Otro libro aún más reciente para internarse en los laberintos procesales es Riofrío. La justicia del señor juez, de Santiago Muñoz Machado. Este catedrático de Derecho Administrativo en la Complutense de Madrid narra aquí la causa seguida contra Miguel Durán y otros por presunto fraude fiscal en la compraventa de acciones de Telecinco, y lanza un tremendo alegato contra "el juez justiciero" que lo incoó, y que deviene fácilmente reconocible. Al margen de que se comparta o no la acritud de los puntos de vista de Muñoz, su crónica en todo caso resulta una excelente introducción al mundillo judicial (procuradores, peritos, demandantes, demandados...) que hormiguea en torno a Riofrío, la conocida cafetería cerca de la Audiencia, el Supremo y el Consejo del Poder Judicial.

En fin, también en el 2010, y al hilo del premio Abogados de Novela promovido por Ediciones Martínez Roca, ha aparecido la obra ganadora La prueba, de la periodista Carmen Gurruchaga, una trama de jueces corruptos y reporteros venales, protagonizada por cuatro jóvenes abogados que tienen la generosidad de defender en un turno de oficio a gente sin recursos. La prueba es un buen thriller judicial a la española, que curiosamente guarda concomitancias con la última producción del rey del género, John Grisham. En La trampa, el joven letrado Kyle McAvoy está decidido a pleitear a favor de los más pobres del estado de Virginia, pero las presiones de un bufete neoyorquino muy poderoso yugularán sus buenas intenciones.

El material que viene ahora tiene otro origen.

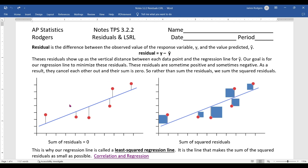If we look at a best-fit line with data points, the vertical segments represent the residuals. When the observed Y value is above the predicted value (the Y-coordinate on the line), then Y minus Ŷ is positive. When the observed value is below the prediction line, Y is less than Ŷ, so Y minus Ŷ is a negative value.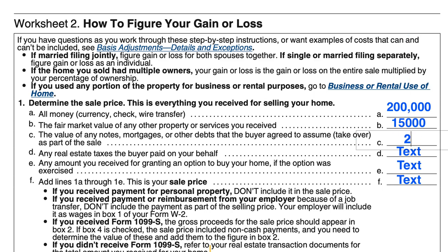If there was a $25,000 mortgage, you would include that here. If the buyer paid real estate taxes on your behalf — typically the seller is responsible for taxes up until the date of sale, and the buyer prepays from the date of sale through the next assessment date — if you paid $10,000 for the year and sell on June 30th, you'd expect $5,000 back, which would not be a taxable event. But if the buyer paid all $10,000 of your taxes, you'd have to declare the taxes the buyer paid for you.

Las relaciones entre letras y leyes van en definitiva viento en popa y con tendencia al alza. Y quienes deseen seguir profundizando en ellas pueden atenerse al librito de Claudio Magris Literatura y derecho. Ante la ley, un ensayo muy esclarecedor. Su discurso se escora a menudo al ámbito italo-germano, y trae a colación a autores como Manzoni, Foscolo, Novalis, Schiller, los Grimm, Wasserman o Croce, tanto cuando quiere correlacionar los campos de interés de las dos disciplinas como cuando pone en evidencia sus desencuentros y hasta aversiones.

En la conferencia de Magris se anudan dos tesis: en la poesía siempre palpita una nostalgia de una edad de oro, y por tanto un deseo de emanciparse de cualquier constricción regulativa; pero por otro lado, la defensa de lo humano (en la que está comprometida la literatura, engagé o no) exige la tutela del derecho y sus leyes, tras de las cuales los hombres de carne y hueso pueden cultivar sus propios valores. Magris termina su reflexión advirtiendo que, hoy por hoy, la jurisprudencia (con su defensa de nuevos sujetos: las mujeres, los menores, los discapacitados, los nuevos inmigrantes…) ofrece más que nunca a la literatura nuevos espacios de exploración y pesquisa, de los que cabe esperar una rica cosecha.